Sienna Pendleton, Staff Writer

In the tear jerking and heartwarming novel Family Meal,  Bryan Washington creates a story on grief, love, found family, and the importance of food in his most recent veracious novel.

The novel follows three queer men Cam, his recently deceased partner Kai, and his childhood best friend TJ who are constantly intertwined throughout different coasts of North America, different states of life, and even after death.

Most of the novel follows Cam when he moves back to his hometown in Houston, Texas after Kai is killed in a police brutality incident back in Los Angeles where they built their life together that crumbled after his death. When Cam relocates he falls into self-destructive habits of taking drugs, meaningless hookups, and isolating himself from those who truly love him.

Cam reconnects with TJ when he walks into the bar that Cam works at and the boys are thrown back into each other’s lives while struggling to reconcile their friendship and the found family they’d once developed together.

Even after Kai’s death, he is still evident in Cam’s life, both through the visions that Cam has of Kai, and the incredible impact that Kai had on him. As well as the way Kai viewed many things such as love, food, and physical intimacy. Cam often thinks of Kai’s words for comfort such as, “Love is a tangible thing. It is palpable. You can hold it in your hands. You can see it in the air. You can breathe it in and hold it and push that shit right back out your lungs. When it dissolves, you might not see it, but that won’t mean it wasn’t there. Because you were.”

This quote from Kai is actually a great example of the nature of Cam and TJ’s complicated relationship. Though the two aren’t on the best terms anymore and they constantly clash, it’s clear that they bump heads and fight so often because they still care about one another and are making an effort to fix what was broken.

Through heartfelt conversations and the fondness of sharing food, the love that once existed between the two begins to mend. This is a clear illustration of the fact that once love exists, it will always linger, no matter how long it hasn’t been nourished.

All of the characters go through some form of alienation even though they are always surrounded by each other, friends, or family. Through the chapters narrated by Kai, we learn the power of being able to find solace in those around us, specifically when he says, “My family taught me the difference between acceptance, allowance, and understanding. Also: just being. Sometimes they overlap. Usually, they don’t.” 

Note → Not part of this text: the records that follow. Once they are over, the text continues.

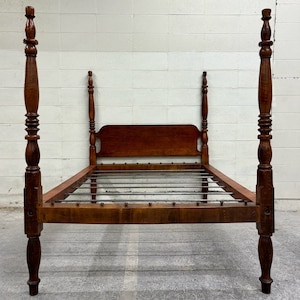 May include: A wooden bed frame with turned posts and a headboard. The bed frame is made of dark wood and has a simple design.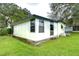 White single-story house with a blue trim at 6141 Ridgewood Dr, Zephyrhills, FL 33542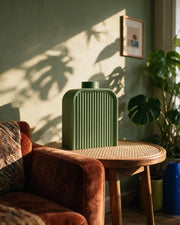 Arch Slab Vase – on a side table at golden hour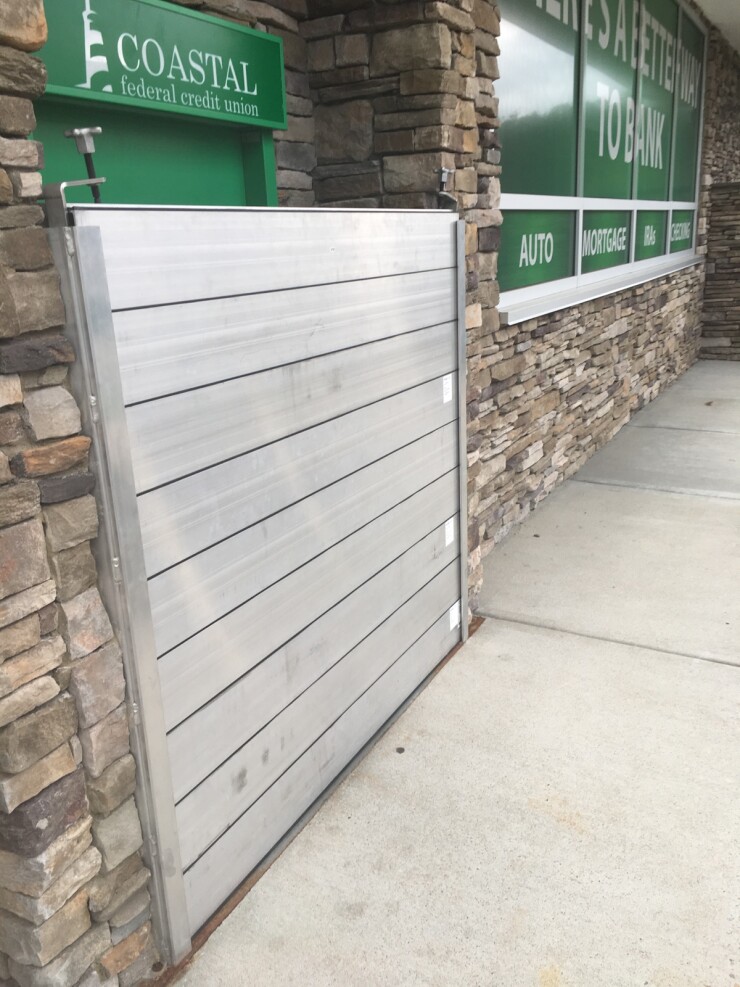 Coastal Credit Union in Raleigh, N.C. erected flood barriers at its Crabtree Mall branch in advance of Hurricane Florence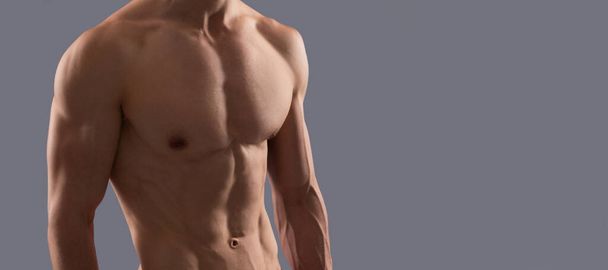 Fitter, athletischer Typ mit muskulösem Oberkörper in Sporthose, grauer Hintergrund, Mann. Mann sexy nackten Oberkörper, Banner mit Kopierraum - Foto, Bild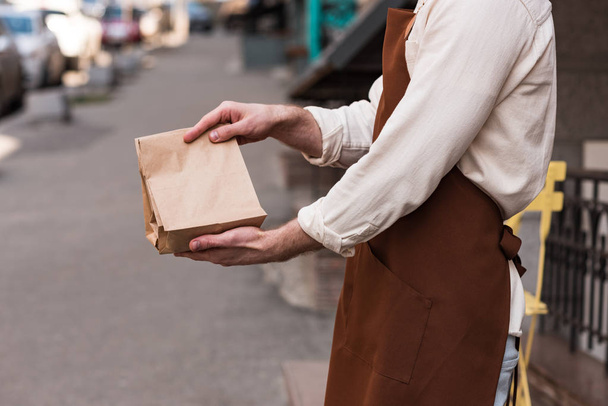 Вид на баристу в коричневом фартуке с бумажным пакетом на улице
 - Фото, изображение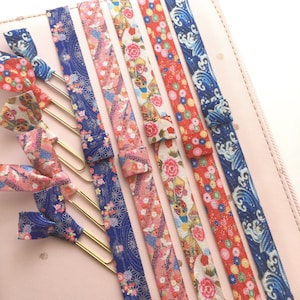 May include: A set of six colourful fabric bookmarks with gold metal clips. The bookmarks feature various Japanese-inspired patterns, including floral designs, waves, and geometric shapes. The bookmarks are perfect for adding a touch of elegance to any book.
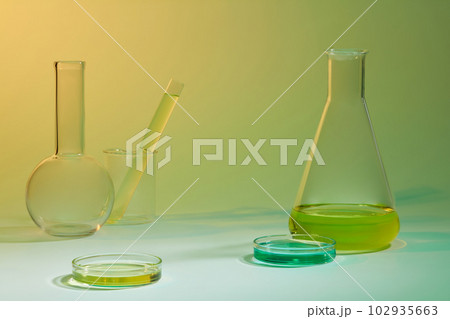 Laboratory concept with yellow and blue liquid contained inside some glassware. Science laboratory research and development concept 102935663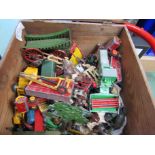 A quantity of lead farm animals and figures and playworn diecast agricultural vehicles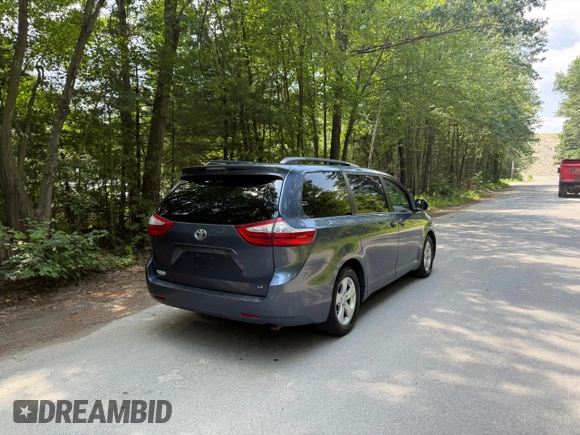 2015 Toyota Sienna LE AAS with VIN 5TDKK3DC1FS623710, listed as a Copart auction lot 62335575 with 221,148 mi miles and Clean title. Bid and sale history available at DreamBid. Image 4.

We also get TJ’s point of view after a few months’ time skip where Cam has gone to rehab and therapy and the brighter sides of grief begin to show. It becomes evident that grief is a remnant of love and when Cam finally lets those who care about him into his world, he creates connections that are bigger than his grief and we see that love is also the only thing that can pull us out of it.

At the end of the novel Cam and Kai’s ghost have one last talk. Cam admits that he’s having trouble letting go of Kai because Kai has engraved himself so deeply into who he is, but that is also the exact reason why it’s important for Cam to keep living, because through Cam, Kai’s continues to live too. Through Kai and Cam’s final conversation we realize that the dead are never truly gone, maybe physically, but never mentally, because human connection and the love created by it exists forever. It’s important that we hold on to the dead, but it is important that we hold on to the living too. Grief is hard, but love and maybe even a family meal can make it a little bit easier, and Bryan Washington truly creates a beautiful and much needed story about the significance of each of these things and what it means to keep going and keep existing for those who love us.